Selasa, 16 Februari 2010

Newsweek's Lisa Miller on "Harvard's Crisis of Faith"

Randall Stephens

Just got the latest issue of Newsweek in the mail today. And, behold, there's this very interesting article on Harvard University's trouble with religion in the curriculum. (Lisa Miller, "Harvard’s Crisis of Faith," Newsweek, February 11, 2010.) So while the Texas board of education is intent on getting the word out to students that the founders were born-again believers, many of Harvard's cultured-despiser profs would rather their students spend more time learning about anything but religion. (I exaggerate.)

Miller discusses a 2006 proposal floated by Louis Menand "that undergraduate students should be required to take at least one course in a category called Reason and Faith." Harvard's evolutionary psychologist Steven Pinker, and a host of others, said no thanks.

Miller observes that for Pinker:

human progress is an evolution away from superstition, witchcraft, and idol worship—that is, religion—and toward something like a Scandinavian austerity and secularism. (Pinker is one of those intellectuals who speak frequently about how sensible things are in Europe; one suppresses the urge to remind him of the Muslim riots in the Paris and London suburbs.) A university education is our greatest weapon in the battle against our natural stupidity, he said in a recent speech. "We don't kill virgins on an altar, because we know that it would not, in fact, propitiate an angry god and alleviate misfortune on earth."
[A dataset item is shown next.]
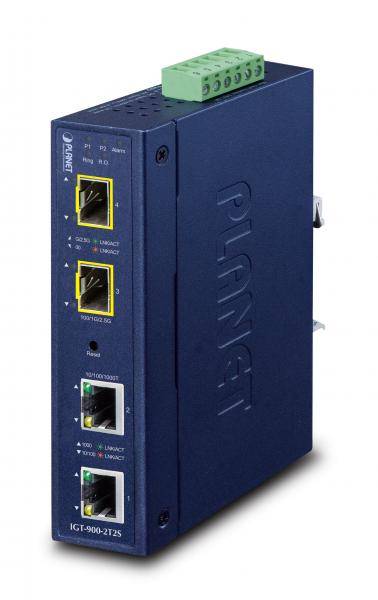 Industrieller PLANET Ethernet-Schalter mit vier RJ45-Anschlüssen und einer grünen Anschlussleiste oben, gezeigt auf weißem Hintergrund.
In Miller's opinion such views haven't served the students all that well. "To decline to grapple head-on with the role of religion in a liberal-arts education," she argues, "even as debates over faith and reason rage on blogs, and as publishers churn out books defending and attacking religious belief, is at best timid and at worst self-defeating. . . . it's fair to say that the study of religion at Harvard is uniquely dysfunctional."

Miller speaks to faculty at Harvard--Peter Gomes and Diana Eck among them--and interviews Robert Orsi, Jeanne Kilde, a collection of others.

"Just because the study of religion does not fit into the narrow categories the university has created for itself," contends Miller, "does not mean that students should not equip themselves—in a rational, secular context—with a vocabulary for thinking about it."

A very intriguing piece, made all the more relevant by the recent buzz about the increasing number of historians who are working on religion.